▼▼▼
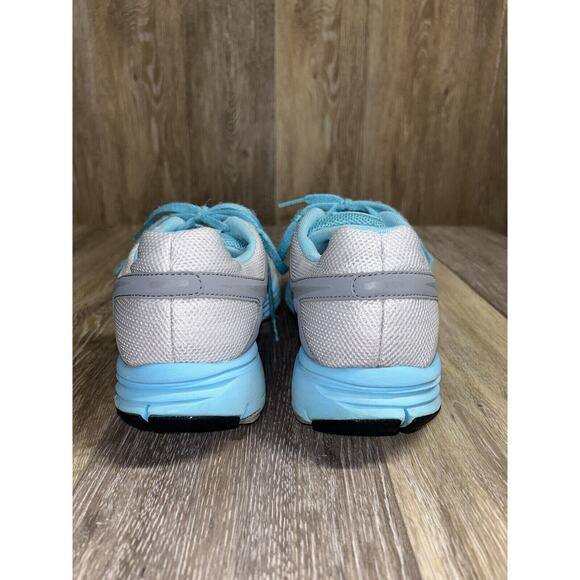 Nike Lunarfly+ 3 Pure Platinum Gray Blue Running Shoes Womens Size 11 487751-004 - Picture 8 of 14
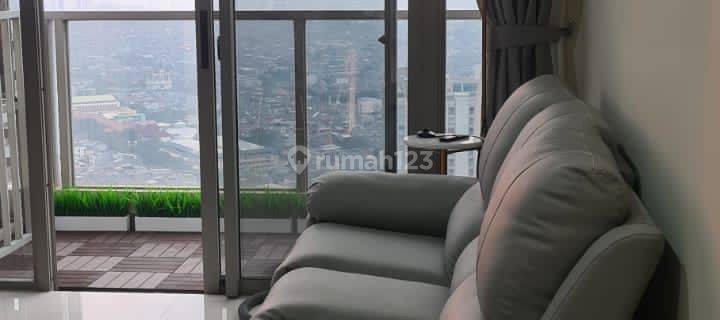 Disewakan Unit 2+1 Furnished Bagus TA Residence 1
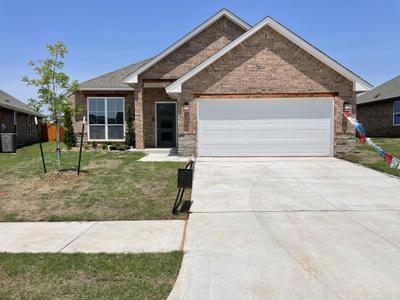 12617 NW 139th Street Piedmont OK new home for sale
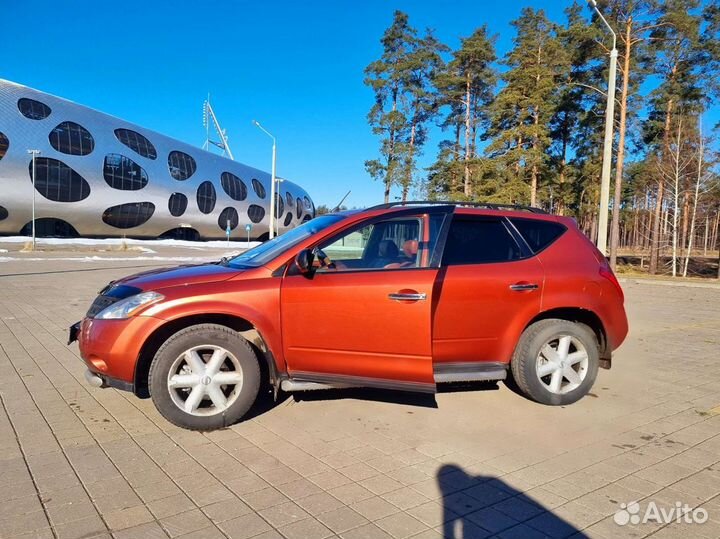 Nissan Murano 3.5 CVT, 2004, 250 000 км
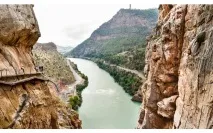 Caminito del Rey (Королівська стежка) маршруту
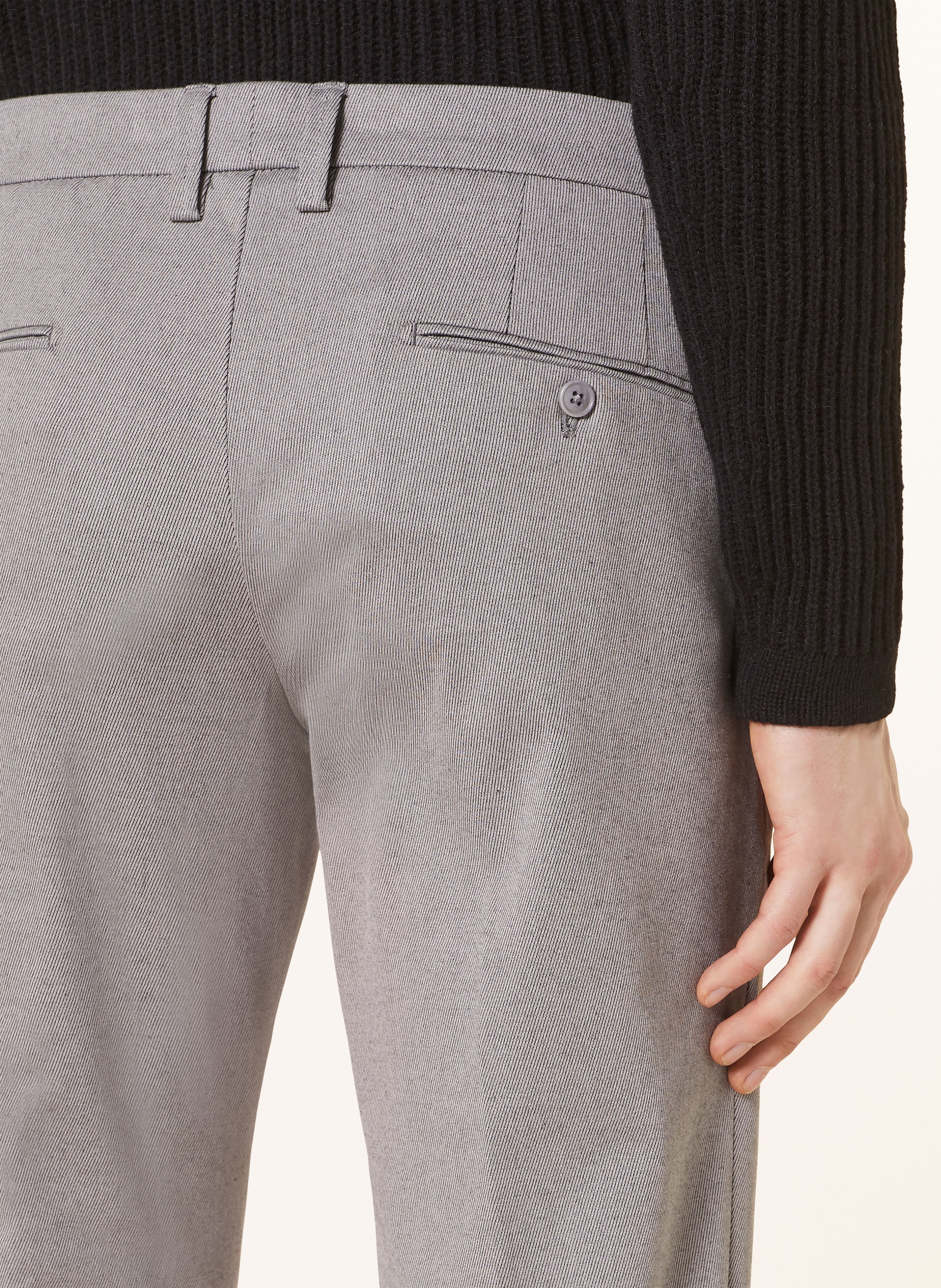 Thumbnail - Drykorn Chino Fago Slim Fit grau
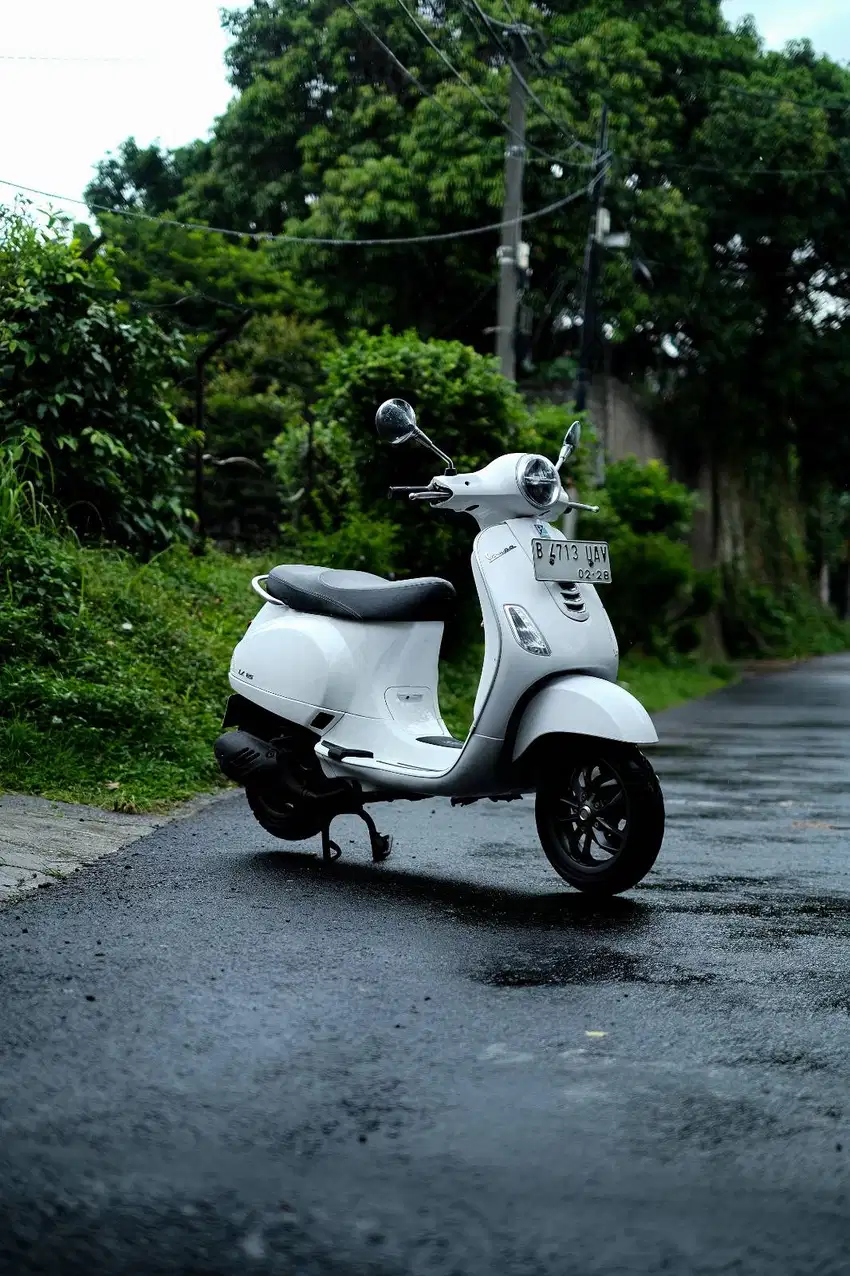 PIAGGIO VESPA MATIC LX 125 IGET FACELIFT 2022 MURAH BERGARANSI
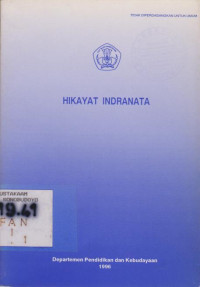 HIKAYAT INDRANATA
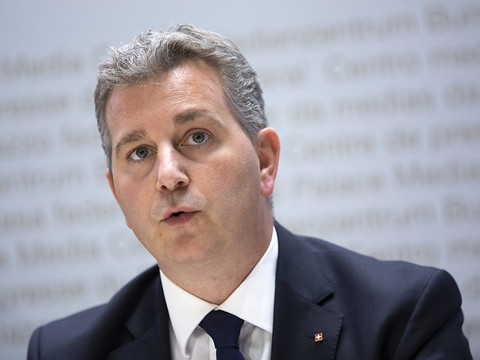 Le Bureau de l'UDC veut Marco Chiesa à la tête du parti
▲▲▲
> [PROBLEM TO SOLVE]:
Each line from the one containing "PIAGGIO VESPA MATIC" through the last line of the listing must be copied exactly, and the pictures must not be.

> [TASK SOLUTION]:
 PIAGGIO VESPA MATIC LX 125 IGET FACELIFT 2022 MURAH BERGARANSI
 HIKAYAT INDRANATA
 Le Bureau de l'UDC veut Marco Chiesa à la tête du parti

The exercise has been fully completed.